**Exercise**
Leaving out pictures, output exactly the lines below from the one that has "95 Yantacaw Brook" through the one that has "lululemon athletica Gray Long Sleeve Top", and nothing else.

**Record excerpts**
# # #

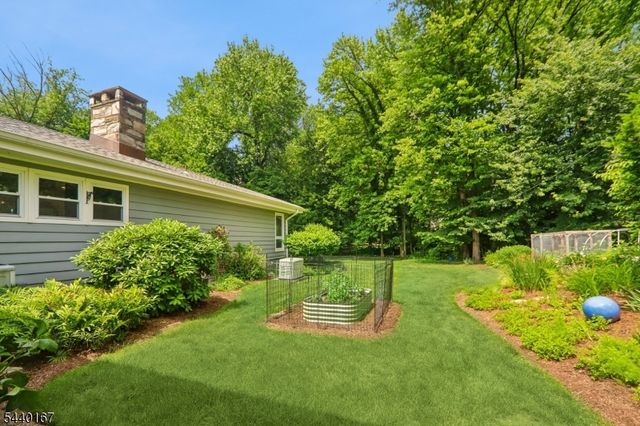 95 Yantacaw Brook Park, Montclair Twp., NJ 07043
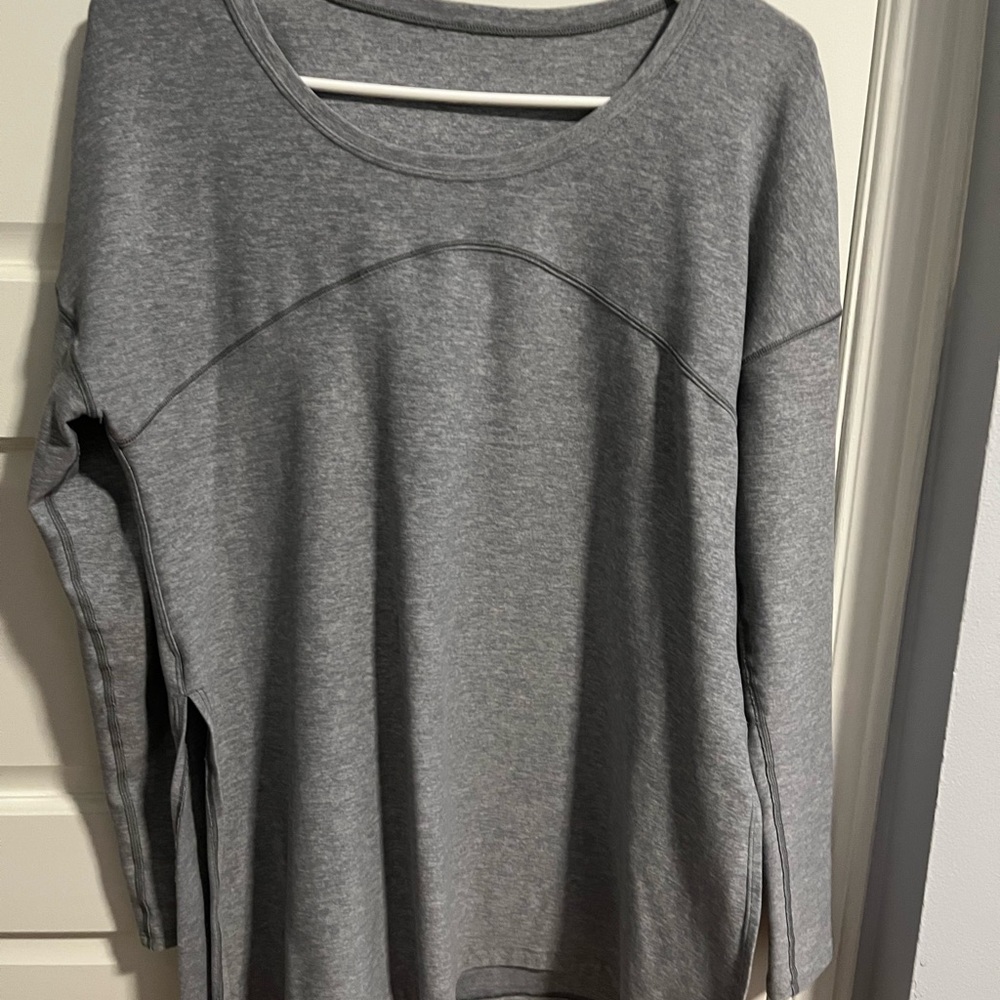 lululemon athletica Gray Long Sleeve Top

# # #

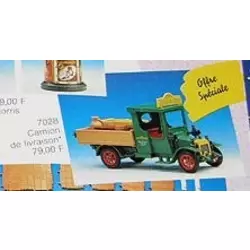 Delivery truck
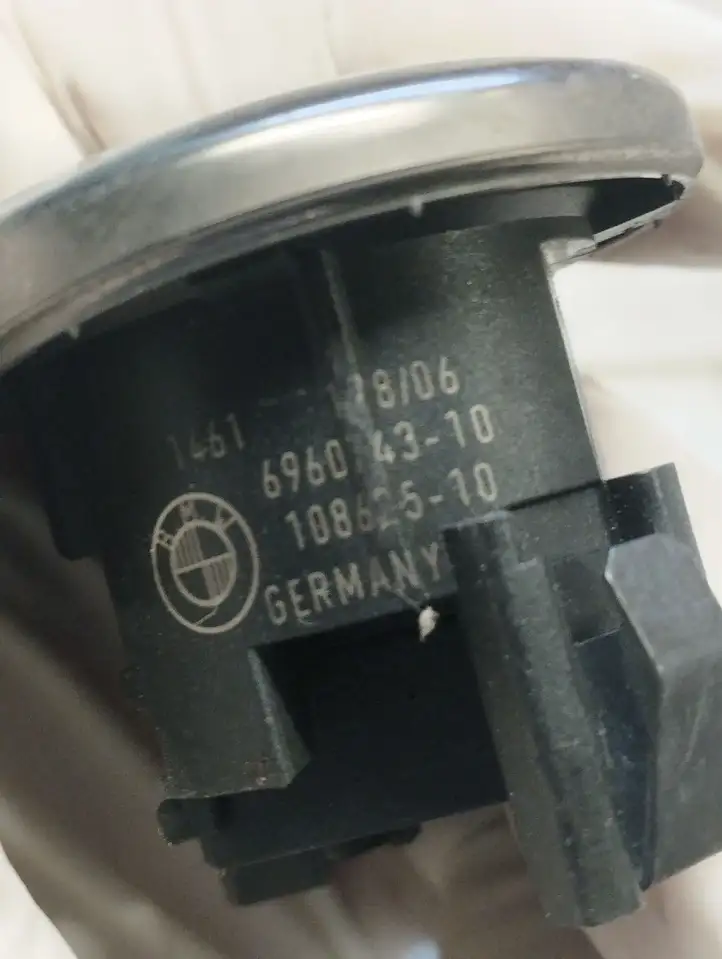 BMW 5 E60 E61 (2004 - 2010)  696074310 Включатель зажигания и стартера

# # #

**Task output**
 95 Yantacaw Brook Park, Montclair Twp., NJ 07043
 lululemon athletica Gray Long Sleeve Top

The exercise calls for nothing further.